# [Work to be completed]
The first line of the entries through the line bearing "Japanese Vintage Silk": copy these lines exactly and return nothing else.
Start of Block
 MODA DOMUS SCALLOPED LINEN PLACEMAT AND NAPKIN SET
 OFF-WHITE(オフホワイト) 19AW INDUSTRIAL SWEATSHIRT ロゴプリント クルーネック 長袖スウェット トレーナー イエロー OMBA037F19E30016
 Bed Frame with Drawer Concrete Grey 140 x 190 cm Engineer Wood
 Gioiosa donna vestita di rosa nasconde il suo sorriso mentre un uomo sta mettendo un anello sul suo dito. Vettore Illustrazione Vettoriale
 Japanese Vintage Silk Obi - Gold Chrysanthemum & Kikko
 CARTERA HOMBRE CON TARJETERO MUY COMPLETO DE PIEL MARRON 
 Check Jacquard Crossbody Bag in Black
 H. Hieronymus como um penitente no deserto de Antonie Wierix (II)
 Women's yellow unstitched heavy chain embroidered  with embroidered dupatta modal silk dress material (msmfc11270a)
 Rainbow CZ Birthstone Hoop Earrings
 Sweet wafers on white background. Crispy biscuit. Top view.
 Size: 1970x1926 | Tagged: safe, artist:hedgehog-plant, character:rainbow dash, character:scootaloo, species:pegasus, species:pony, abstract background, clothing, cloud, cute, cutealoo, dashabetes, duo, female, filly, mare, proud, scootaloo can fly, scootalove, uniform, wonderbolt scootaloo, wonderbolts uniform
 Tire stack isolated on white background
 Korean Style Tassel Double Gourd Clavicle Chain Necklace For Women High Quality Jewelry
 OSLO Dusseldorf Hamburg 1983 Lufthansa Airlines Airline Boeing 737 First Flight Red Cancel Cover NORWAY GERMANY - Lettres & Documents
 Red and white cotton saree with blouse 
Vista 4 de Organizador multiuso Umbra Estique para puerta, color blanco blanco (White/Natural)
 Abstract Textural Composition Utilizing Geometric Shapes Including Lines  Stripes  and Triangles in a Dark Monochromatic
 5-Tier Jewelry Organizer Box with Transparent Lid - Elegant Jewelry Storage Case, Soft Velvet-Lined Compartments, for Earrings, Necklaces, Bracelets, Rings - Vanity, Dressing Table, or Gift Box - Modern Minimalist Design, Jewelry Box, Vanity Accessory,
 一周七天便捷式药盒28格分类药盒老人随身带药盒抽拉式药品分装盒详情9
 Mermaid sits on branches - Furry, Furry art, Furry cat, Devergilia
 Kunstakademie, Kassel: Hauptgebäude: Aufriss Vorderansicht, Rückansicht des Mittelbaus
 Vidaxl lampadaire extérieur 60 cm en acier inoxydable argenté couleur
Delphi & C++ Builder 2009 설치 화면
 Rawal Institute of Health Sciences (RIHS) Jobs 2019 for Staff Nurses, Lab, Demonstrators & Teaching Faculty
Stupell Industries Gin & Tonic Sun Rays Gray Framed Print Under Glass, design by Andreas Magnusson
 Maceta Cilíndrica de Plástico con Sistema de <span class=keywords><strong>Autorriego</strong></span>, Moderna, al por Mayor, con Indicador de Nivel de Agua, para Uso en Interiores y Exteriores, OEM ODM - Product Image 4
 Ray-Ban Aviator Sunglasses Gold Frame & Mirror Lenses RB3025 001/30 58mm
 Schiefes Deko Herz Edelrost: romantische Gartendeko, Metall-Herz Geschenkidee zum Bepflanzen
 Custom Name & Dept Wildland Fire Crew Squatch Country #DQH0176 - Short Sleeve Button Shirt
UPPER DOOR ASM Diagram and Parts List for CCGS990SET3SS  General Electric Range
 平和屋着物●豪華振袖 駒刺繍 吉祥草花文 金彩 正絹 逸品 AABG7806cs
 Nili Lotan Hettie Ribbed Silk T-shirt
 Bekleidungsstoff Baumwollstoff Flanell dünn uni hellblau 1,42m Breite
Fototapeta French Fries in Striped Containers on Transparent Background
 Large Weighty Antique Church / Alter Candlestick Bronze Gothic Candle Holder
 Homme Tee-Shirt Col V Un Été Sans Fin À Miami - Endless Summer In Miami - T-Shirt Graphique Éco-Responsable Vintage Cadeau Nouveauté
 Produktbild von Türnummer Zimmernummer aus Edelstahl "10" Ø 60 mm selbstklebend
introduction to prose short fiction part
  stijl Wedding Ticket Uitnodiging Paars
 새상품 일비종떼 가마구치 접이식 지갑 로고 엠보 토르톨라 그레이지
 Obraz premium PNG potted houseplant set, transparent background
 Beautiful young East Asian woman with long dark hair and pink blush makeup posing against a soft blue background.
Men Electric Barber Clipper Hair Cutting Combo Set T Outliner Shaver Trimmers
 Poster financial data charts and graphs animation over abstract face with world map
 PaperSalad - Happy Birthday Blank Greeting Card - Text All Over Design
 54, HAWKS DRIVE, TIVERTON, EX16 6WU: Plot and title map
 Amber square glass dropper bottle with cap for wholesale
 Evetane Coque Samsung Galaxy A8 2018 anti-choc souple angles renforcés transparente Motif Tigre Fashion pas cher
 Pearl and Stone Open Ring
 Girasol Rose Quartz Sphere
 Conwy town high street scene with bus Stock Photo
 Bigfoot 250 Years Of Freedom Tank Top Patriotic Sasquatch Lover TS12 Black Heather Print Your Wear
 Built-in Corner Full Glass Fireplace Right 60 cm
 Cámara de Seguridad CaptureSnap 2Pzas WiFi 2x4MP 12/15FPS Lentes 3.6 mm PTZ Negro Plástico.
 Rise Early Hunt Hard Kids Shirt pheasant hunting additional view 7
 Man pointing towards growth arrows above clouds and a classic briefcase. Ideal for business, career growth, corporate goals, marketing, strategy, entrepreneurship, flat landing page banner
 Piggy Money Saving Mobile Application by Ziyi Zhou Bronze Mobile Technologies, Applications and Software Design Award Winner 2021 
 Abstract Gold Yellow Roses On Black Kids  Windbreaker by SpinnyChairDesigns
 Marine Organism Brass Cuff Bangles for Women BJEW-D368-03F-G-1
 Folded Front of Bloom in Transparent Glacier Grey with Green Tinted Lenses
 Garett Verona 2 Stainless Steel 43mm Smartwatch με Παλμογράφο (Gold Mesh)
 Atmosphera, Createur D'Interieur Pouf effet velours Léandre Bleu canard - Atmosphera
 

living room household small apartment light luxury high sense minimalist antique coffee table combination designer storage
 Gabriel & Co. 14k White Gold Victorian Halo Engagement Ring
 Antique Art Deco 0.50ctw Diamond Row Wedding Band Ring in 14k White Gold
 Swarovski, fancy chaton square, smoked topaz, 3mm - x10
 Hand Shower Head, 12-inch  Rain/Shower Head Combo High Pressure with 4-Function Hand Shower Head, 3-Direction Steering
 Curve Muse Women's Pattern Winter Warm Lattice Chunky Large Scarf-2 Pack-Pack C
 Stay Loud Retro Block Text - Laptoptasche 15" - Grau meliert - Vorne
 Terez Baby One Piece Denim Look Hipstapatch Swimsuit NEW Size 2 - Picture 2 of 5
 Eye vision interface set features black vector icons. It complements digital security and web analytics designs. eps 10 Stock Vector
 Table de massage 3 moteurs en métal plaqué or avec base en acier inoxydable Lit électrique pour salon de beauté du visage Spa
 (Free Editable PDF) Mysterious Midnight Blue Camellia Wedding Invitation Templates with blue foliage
End of Block
# [Response]
 MODA DOMUS SCALLOPED LINEN PLACEMAT AND NAPKIN SET
 OFF-WHITE(オフホワイト) 19AW INDUSTRIAL SWEATSHIRT ロゴプリント クルーネック 長袖スウェット トレーナー イエロー OMBA037F19E30016
 Bed Frame with Drawer Concrete Grey 140 x 190 cm Engineer Wood
 Gioiosa donna vestita di rosa nasconde il suo sorriso mentre un uomo sta mettendo un anello sul suo dito. Vettore Illustrazione Vettoriale
 Japanese Vintage Silk Obi - Gold Chrysanthemum & Kikko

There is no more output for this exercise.